Comments on: Encrypted partitions with Ubuntu/Debian

By: Wanderer

Wanderer — Wed, 23 Apr 2008 11:28:24 +0000

“These encrypted removable devices are even supported on Windows (see FreeOFTE)”

Right now I’m a bit frustrated with FreeOTFE, as it doesn’t show other partitions on my flash drive, only the first one, which is unencrypted. AFAIK there is no way to create more than one partition on removable drive in M$ Windows, which really sucks.

By: Phocean.net » Blog Archive » Disk Encryption on Linux

Phocean.net » Blog Archive » Disk Encryption on Linux — Sun, 18 Nov 2007 17:57:34 +0000

[...] mainly used this tutorial, but I derived a little from it about the unlocking system : I did not want to input a password [...]

By: Danbar

Danbar — Sat, 14 Jul 2007 18:12:44 +0000

Our family computer is used be several family members. I created several partitions (one for each member). Now can I have a different password for each user when it comes to save in his/her own partition in order to avoid deleting or mixing up important files? I’m the only administrator as the other are users.
I don’t wish to use the home directory (for each user)in case I have problems with the program. Having partitions gives more security to the computer.
I use dual boot (XP and Ubuntu) and I have the latest edition of Ubuntu (7.04).
Many thanks!

By: Justin

Justin — Mon, 25 Jun 2007 03:40:25 +0000

You need to modprobe aes, dm-crypt, and dm_mod. Then, add these to /etc/modules. Then, run cryptsetup again as root (sudo).

By: pierre

pierre — Sat, 02 Jun 2007 18:13:50 +0000

I have been trying to crypt the USB stick (partition of it, about 70 MB) but is saying that it inexplicably (for me ;) ) failed.
any idea ? I am running Kubuntu 7.04.
cheers
Pierre

pierre@HomePC:~$ mount
[...]
/dev/sdg2 on /media/disk-2 type vfat (rw,nosuid,nodev,noatime,uid=1000,utf8,shor pierre@HomePC:~$ cryptsetup luksFormat -c aes-cbc-essiv:sha256 /dev/sdg2

WARNING!
========
This will overwrite data on /dev/sdg2 irrevocably.

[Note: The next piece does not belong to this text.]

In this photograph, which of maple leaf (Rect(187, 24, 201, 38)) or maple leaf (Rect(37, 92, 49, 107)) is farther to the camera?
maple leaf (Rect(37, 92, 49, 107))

Are you sure? (Type uppercase yes): YES
Enter LUKS passphrase:
Verify passphrase:
Failed to setup dm-crypt key mapping.
Check kernel for support for the aes-cbc-essiv:sha256 cipher spec and verify that /dev/sdg2 contains at least 133 sectors.
Failed to write to key storage.
Command failed.
pierre@HomePC:~$
pierre@HomePC:~$

By: MFH

MFH — Sat, 05 May 2007 00:10:41 +0000

Great tutorial, with one problem: encrypted swap files. The man page for cryptsetup clearly says that exhaustive reads makes it impossible to use /dev/random, etc as sources for keyfiles. Please give more explicit directions on how one can use your method to set up an encrypted swap space. TIA.

By: disk_noir

disk_noir — Tue, 03 Apr 2007 09:44:05 +0000

Great tutorial, espacially the removable disks part is very interesting for me.
But.. do you have any expierience with updating an encrypted system eg from dapper to edgy ? Did such an update work even with encrypted root ?

By: doctor headcrash

doctor headcrash — Thu, 22 Feb 2007 03:56:14 +0000

… my angle braces broke the previous posting.

Let me try with HTML escapes:

$CRYPTCMD $PARAMS create $dst $src < /dev/console

By: doctor headcrash

doctor headcrash — Thu, 22 Feb 2007 03:54:42 +0000

It’s not so much that LUKS is broken under Edgy, it’s the whole getting the passphrase thing under cryptsetup.

Using your LUKS solution as a guide, I hacked around this problem by changing line 318 of /lib/cryptsetup/cryptdisks.functions to read:

$CRYPTCMD $PARAMS create $dst $src

By: john

john — Fri, 16 Feb 2007 10:53:00 +0000

Thanks Daniel, fixed now.

By: Daniel

Daniel — Wed, 14 Feb 2007 18:35:37 +0000

Thanks for this great howto!

I just wanted to point out that luksClose expects the name of the mapping not of the device.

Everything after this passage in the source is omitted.